RIVAROLO – Si è parlato dei problemi che hanno i residenti di via Bicocca e dell’esigenza abitativa a Rivarolo, durante la riunione della Commissione per i Problemi Sociali, convocata per la prima volta mercoledì scorso.

La Commissione è nata su richiesta del gruppo di minoranza Rivarolo Sostenibile, così come i punti all’ordine del giorno.rivarolo-commissione-problemi

Dopo l’elezione a Presidente di Costanza Conta Canova, il Consigliere di opposizione Marina Vittone ha illustrato il primo punto rimarcando il fatto che i residenti di via Bicocca continuano ad avere problemi di allagamento dei garage, già messi in sicurezza lo scorso autunno, da un’operazione congiunta tra l’Amministrazione Comunale e gli Agenti di Polizia Municipale, con un’ordinanza che di fatto ne vieta l’utilizzo e con l’apposizione di transenne. Transenne che alcuni residenti hanno tolto per poter utilizzare ugualmente l’area, azione che ha causato litigi tra chi vuole rispettare l’ordinanza e chi no.

Il Sindaco Alberto Rostagno ha replicato dichiarando che circa una decina di giorni fa aveva parlato con i residenti che lo avevano rassicurato sul funzionamento delle nuove pompe messe dall’Atc e sul fatto che non ci fossero più stati allagamenti.

Il Vice Sindaco Edoardo Gaetano ha aggiunto che non è contemplato alcun pagamento dei garage, preoccupazione sollevata dalla Vittone, sottolineando che in realtà non sono garage, e non sono stati segnati da Atc come tali.

Su richiesta di Rivarolo Sostenibile organizzare un incontro con i responsabili di Atc, il Sindaco ha precisato che un funzionario di Atc è in Comune tutti i quarti mercoledì del mese, a disposizione dei cittadini.

Esaurito il punto, si è passati a quello strettamente collegato, relativo all’emergenza abitativa in città.

Gaetano ha spiegato che si riesce a far fronte alle emergenza abitativa lavorando in stretta collaborazione con il Ciss 38. La Regione ha emanato una deliberazione che consente ai comuni il rinnovo delle situazioni di emergenza al massimo per due anni. Il problema – ha detto Gaetano – che il più delle volte, scaduti i due anni, nulla è cambiato.
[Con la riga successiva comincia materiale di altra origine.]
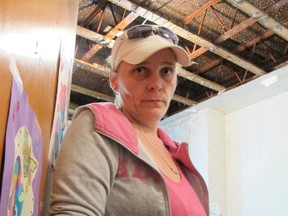Theresa Woodhouse stands in her apartment at 36 Nelson St. in Kingston. Despite complaints over nearly four years, little has been done to fix the deteriorating conditions.
Paul Schliesmann/The Whig-Standard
L’emergenza della famiglia non è scomparsa. Alcuni non hanno una busta paga regolare e, pur lavorando e avendo il denaro, non riescono a trovare un alloggio in affitto. Altri hanno il problema del deposito cauzionale. A questo punto interviene il Ciss 38, ma non a fondo perduto. Esistono dei progetti sociali. La famiglia aiutata dovrà restituire il denaro in termini di partecipazione a servizi. Per quanto concerne gli occupanti abusivi, ossia coloro ai quali è scaduto il termine, viene fatto un piano di rientro concordato con il soggetto. Dall’anno scorso una cinquantina di casi si rinnovano – ha concluso Gaetano – si tratta di emergenze sociali cronicizzate, ossia di persone abitaute ormai a vivere di pubblico intervento. Una situazione davvero triste.